Wednesday, November 27, 2024

What to watch for in the Biden-McCarthy debt ceiling meeting

By Jarrett Renshaw and Trevor Hunnicutt

WASHINGTON (Reuters) – U.S. President Joe Biden meets Republican House Speaker Kevin McCarthy and other congressional leaders at the White House on Tuesday afternoon for closed-door talks as a potentially catastrophic June default looms.

The 4 p.m. EDT (2000 GMT) meeting is not expected to produce anything close to a final agreement on raising the debt limit, but will be closely scrutinized by global investors, U.S. voters and Washington lawmakers.

Reuters spoke to political tacticians and advisers inside and outside the White House and Congress about tell-tale signals that could come from the meeting. Here’s what they will be looking for:

WHOM WILL BIDEN BRING?

The meeting is set to include Biden, McCarthy, Senate Democratic Majority Leader Chuck Schumer, Senate Minority Leader Mitch McConnell and House Democratic minority leader Hakeem Jeffries.
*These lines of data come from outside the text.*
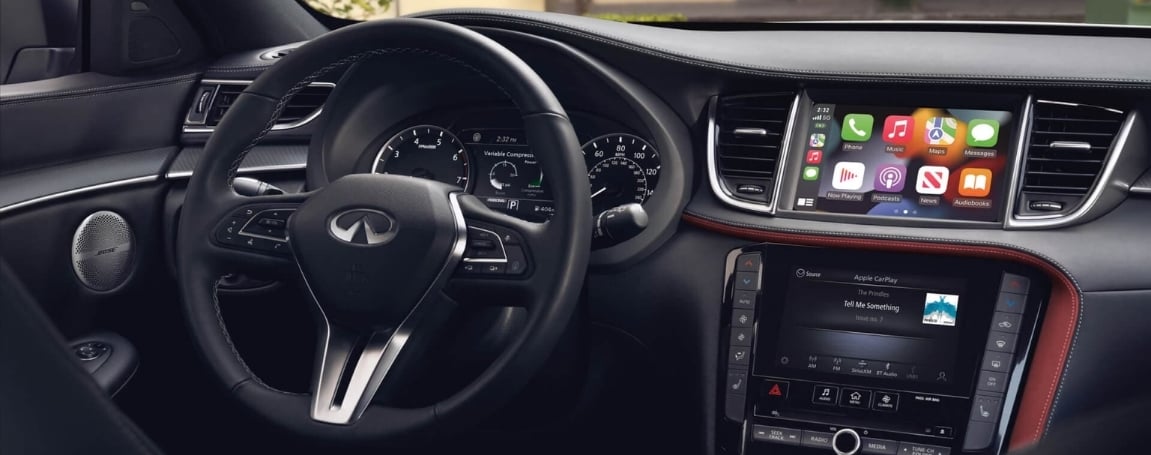 Infotainment & Connectivity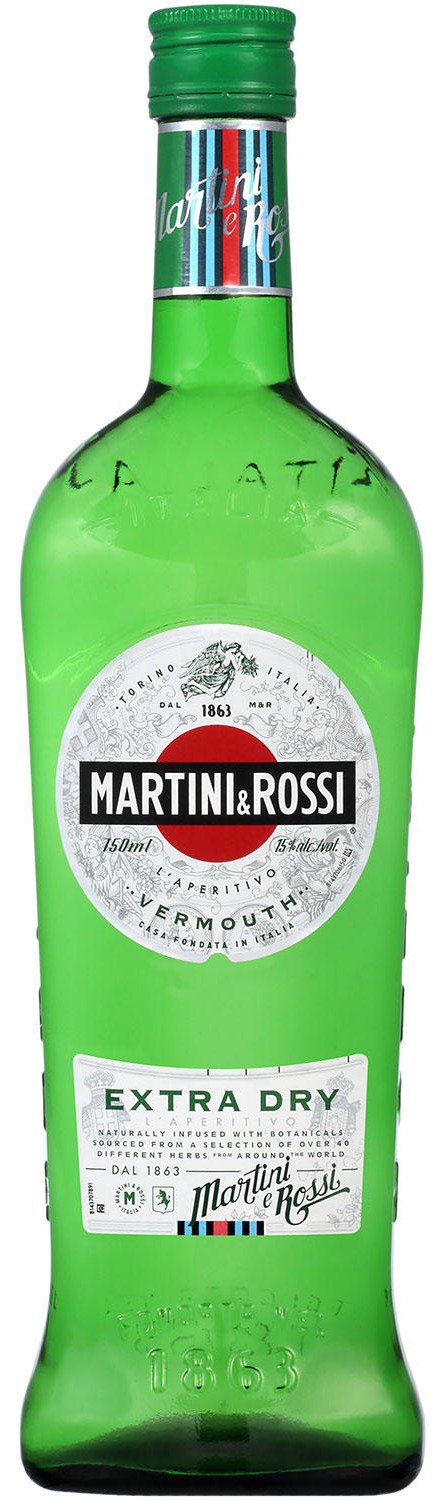 M&R VERMOUTH DRY 750ML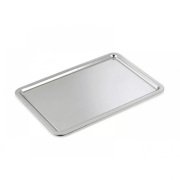 PASLANMAZ PASTA TEŞHİR TEPSİ (NO:3) 20*30 CM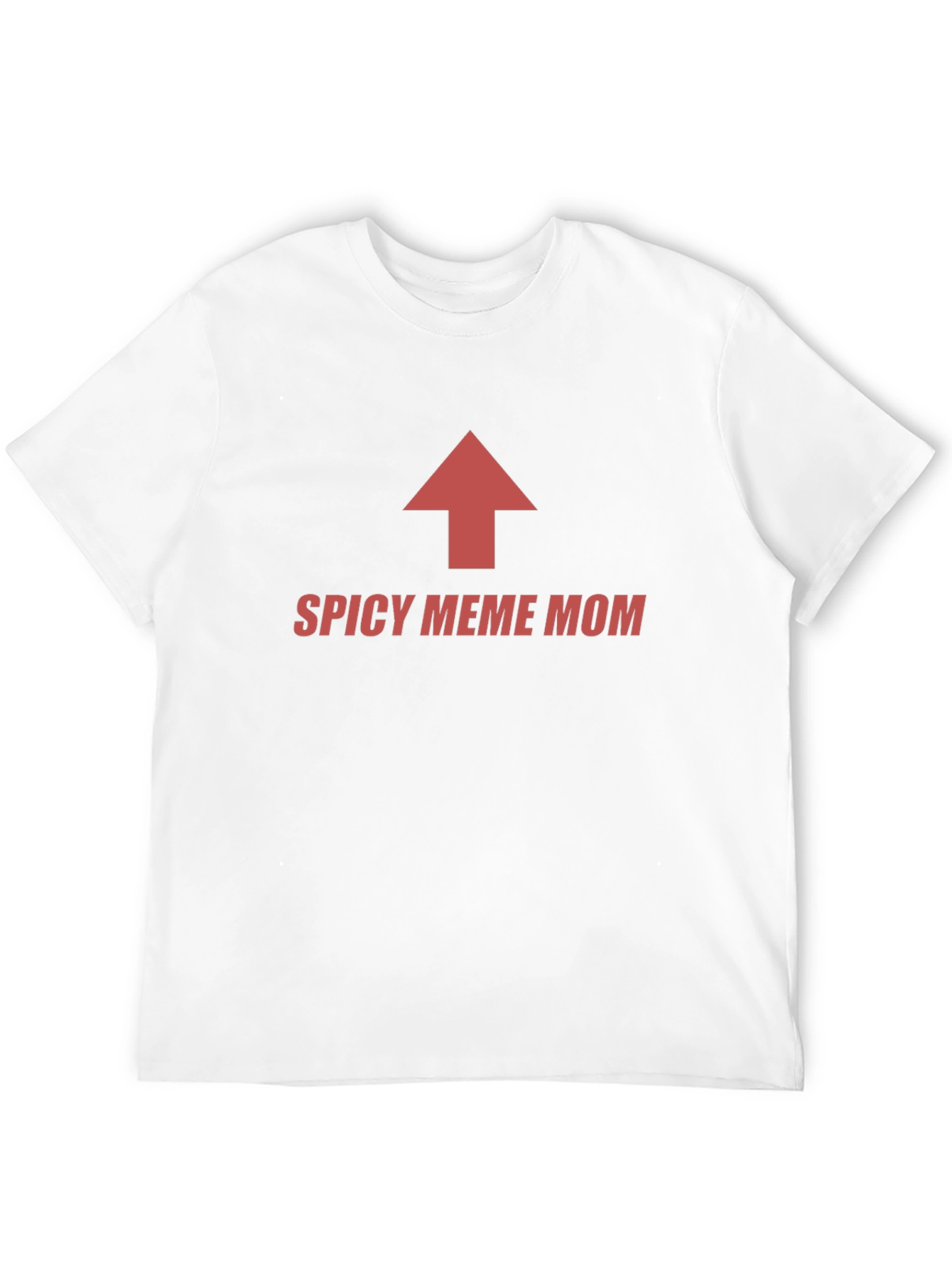 Spicy Meme Mom T-Shirt - Funny Graphic Tee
As invitees to the White House, they’re not expected to bring any other lawmakers. The people Biden brings, whether Cabinet members like Treasury Secretary Janet Yellen or congressional experts like legislative affairs Director Louisa Terrell, will signal what the president expects to get done in the meeting, experts said.

White House spokesperson Karine Jean-Pierre said on Monday that the meeting will likely be Biden and the four legislative leaders, but that details may change.

The bottom line is the fewer the people, the more serious the president is about getting down the nitty-gritty of a deal.

WHEN THE NEXT MEETING IS

First meetings tend “not to be super productive,” said Rohit Kumar, co-leader of PwC’s national tax office in Washington, who participated in a number of Oval Office meetings while serving as a top McConnell aide. Instead, participants tend to restate their public positions.

He said the most productive outcome would be a decision on how they move forward with negotiations. “…They designate the people who will lead the negotiations for each side, and decide who’s going to make the first offer. And then you start the actual process of negotiating, trading paper – however you’re going to do it,” he said.

MCCARTHY, BIDEN’S TONE BEFORE AND AFTER

Heading into Tuesday’s meeting, Biden and McCarthy have cast one another as stubborn, misguided and, at times, dangerous.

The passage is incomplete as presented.